If you have never taken part in a programming competition before, they can be a really fun way to challenge yourself to quickly write code to solve problems – and compete for the top spot, if that’s your kind of thing!

We ran a programming competition called Extreme Startup (kudos to Robert Chatley and Matt Wynne for inventing this back in 2011) on a recent Friday afternoon. It was a chance for us all to have a bit of fun, play around with different languages, and crush our (fr)enemies on the leaderboard!

⚔️ Sounds cool, what's the setup?

There was a central problem server that would send out a question to anyone who was connected every few seconds. To play the game, you had to write a server that could listen for those questions and respond with the correct answers. As the game progressed, new, more challenging questions would be introduced. Every time your server responded correctly you got points, and if it responded incorrectly you lost points.

🤓 Actually, that sounds like work... what makes it fun?

There were a few things that made this a great afternoon.

  • Some non-engineering folks got to take part in the problem solving and see how coding happens in real time. They each paired up with an engineer and  took on the challenge as a team.
  • Because you just had to respond to a web request, you could write your solutions in any language you like. So while many folks chose Ruby as a comfort language, a few participants wanted to see how coding under pressure felt in less familiar languages like Rust and Typescript.
  • It was a social event.

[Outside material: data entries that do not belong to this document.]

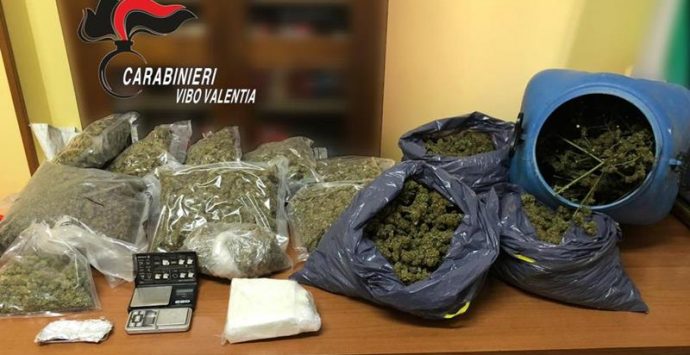 Una centrale dello spaccio a Limbadi, scoperti 11 chili di marijuana e 700 grammi di cocaina – Nome/Foto/Video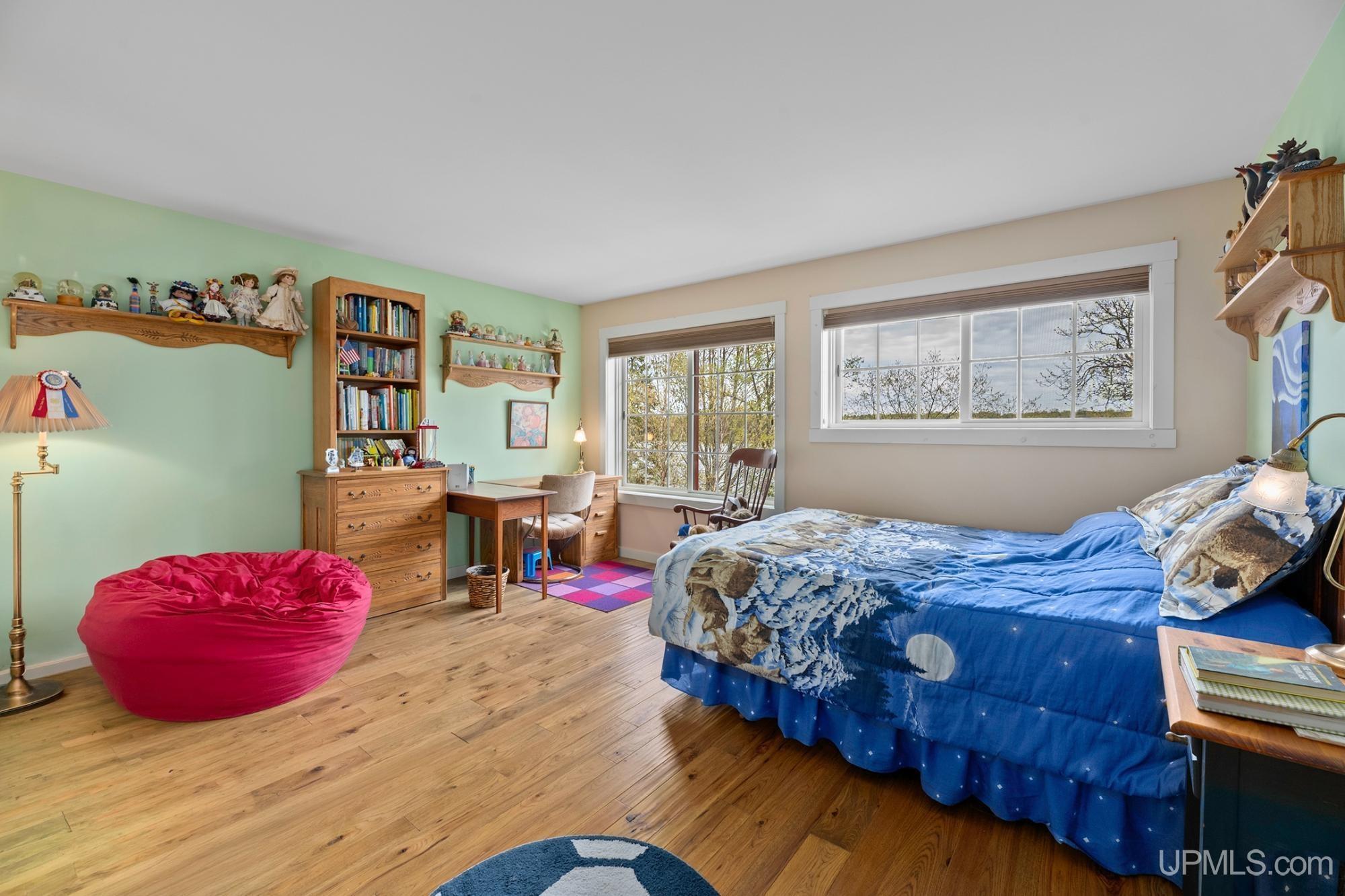 main property photo 43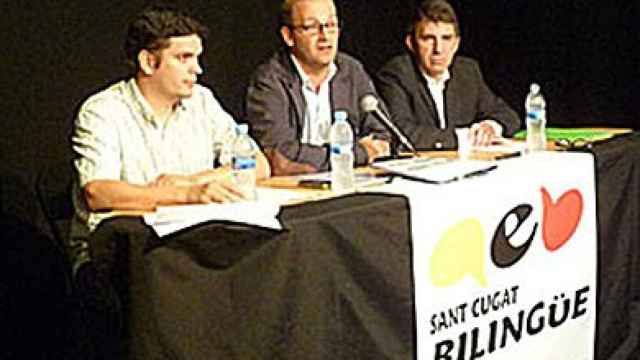 Tres de los padres promotores de la Asamblea por una Escuela Bilingüe (AEB), durante el acto de presentación del pasado junio en Sant Cugat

We all hung out in a zoom while the competition was running so we could commiserate (and heckle!). Afterwards, we shared and discussed lessons learned and different approaches folks came up with.
  • There was a leaderboard. Need I say more?

🤩 Ok, you've convinced me. Can I do this myself?

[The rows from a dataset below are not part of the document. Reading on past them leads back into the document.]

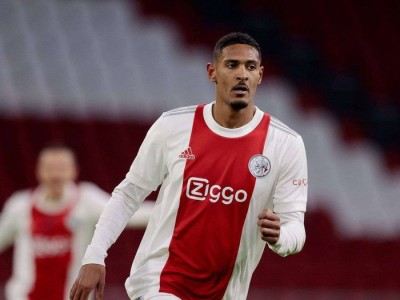 清晨马赛备战荷甲；战术微调细节曝光；压力陡增；赛程密集仍需轮换的简单介绍九游官方正版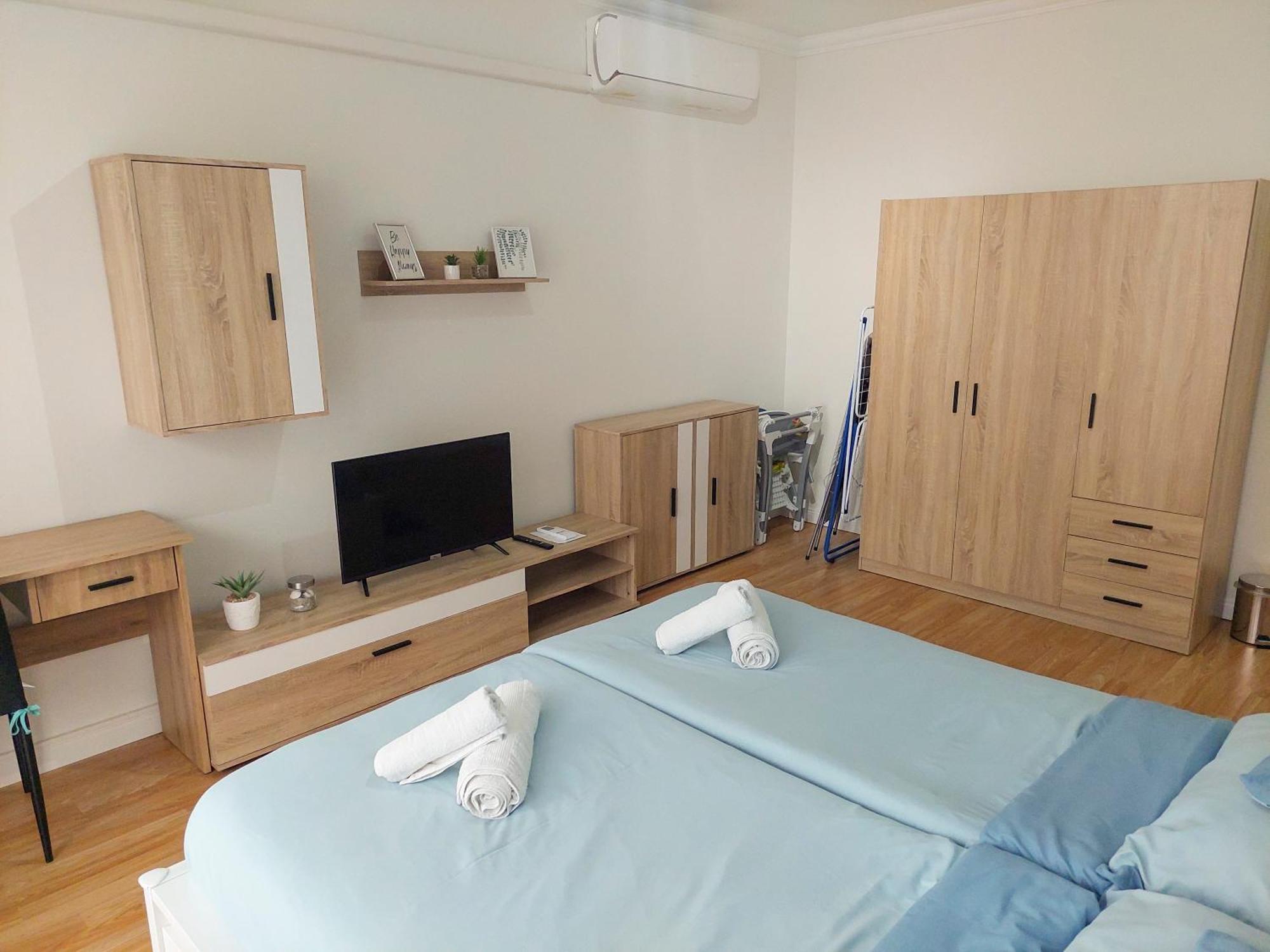 Aweshome City Apartment - 3 Bedrooms And Free Parking Debrecen Bagian luar foto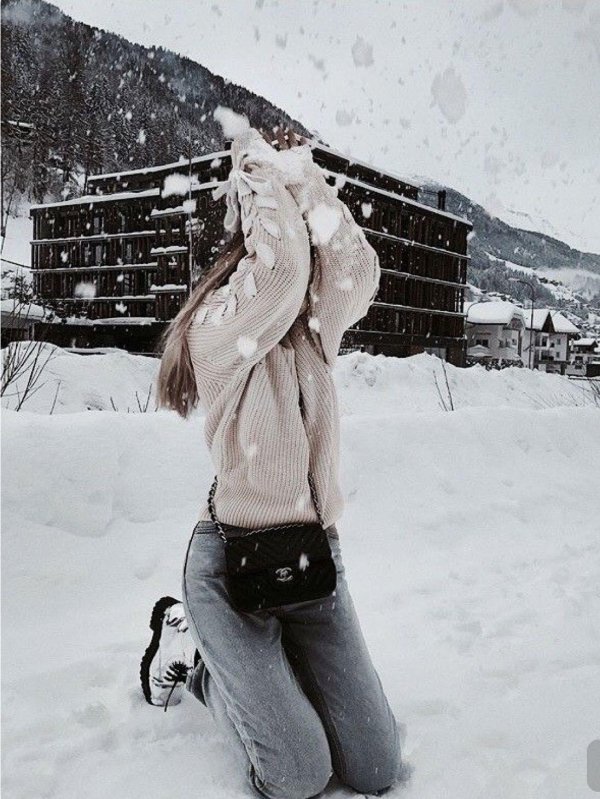 Брюнетки со спины зима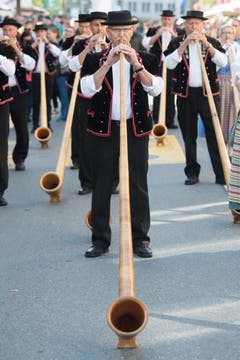 Die Bläserinnen und Bläser der Alphornbläservereinigung Amt Entlebuch begeistern. (Bild: Boris Bürgisser)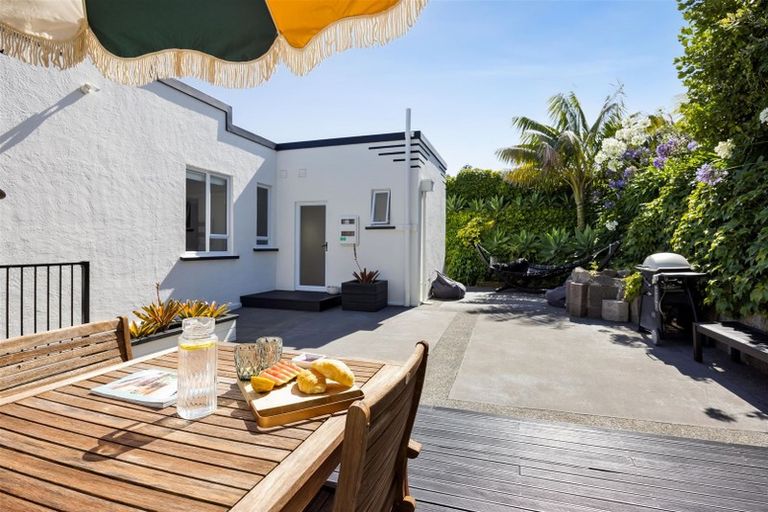 Photo of property in 26 Mclean Street, Strandon, New Plymouth, 4312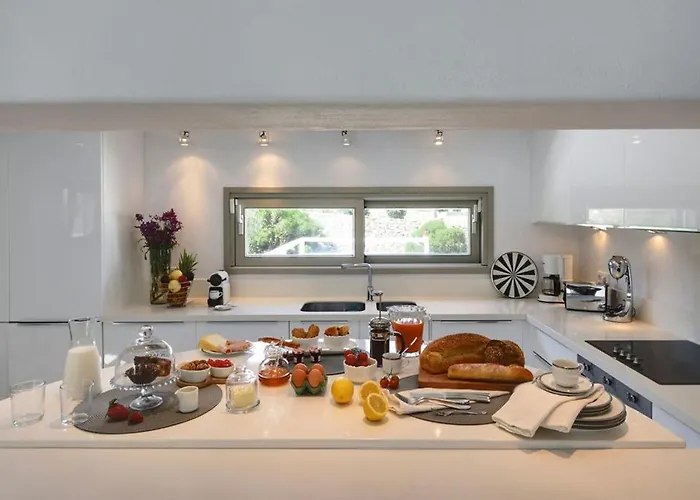 Villa Dafni 4Bed With Pool In Kalafatis Spilia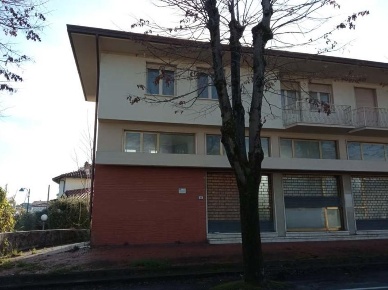 Foto Laboratorio a Forte dei Marmi Centro di 513 m² con 4 locali in vendita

Of course! It's pretty easy to get set up. They have a docker image available. We use Heroku, so we just spun up a free-tier dyno running the image. You could also run it locally and expose the server via a local tunnel.

This competition was originally designed to be run on a local network so that the challenge server could communicate with all the contestant's servers. Since we are a remote team, we had to make it work remotely. The simplest way of doing this was using a local tunnel (like ngrok, or cloudflare) to expose each contestant's local server to the wider internet.

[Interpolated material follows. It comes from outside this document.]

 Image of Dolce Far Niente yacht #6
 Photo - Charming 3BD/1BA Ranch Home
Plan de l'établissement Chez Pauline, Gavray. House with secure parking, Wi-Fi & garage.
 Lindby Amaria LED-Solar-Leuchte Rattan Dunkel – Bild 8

We wanted to maximise the time spent playing rather than setting up - so we put together an explainer google doc and spun up a demo version of the challenge server so that players could get setup before the actual event.

🧐 Some final thoughts

A few things we learned on the day:

  • Server uptime is really important.
  • Observability and good logging is really important.
  • Testing went out the window! As a team we are really into good testing and TDD, but there was not one test to be seen during the competition. In theory, using test as your feedback loop instead of the challenge server should have saved points. In practice, the overhead of writing extra testing code under extreme time constraints didn't seem worth while.
  • The benefits of Rust (typing, strict error handling, etc) were not useful for quickly prototyping a solution under pressure. Dynamically typed, more permissive languages like Ruby had the edge there.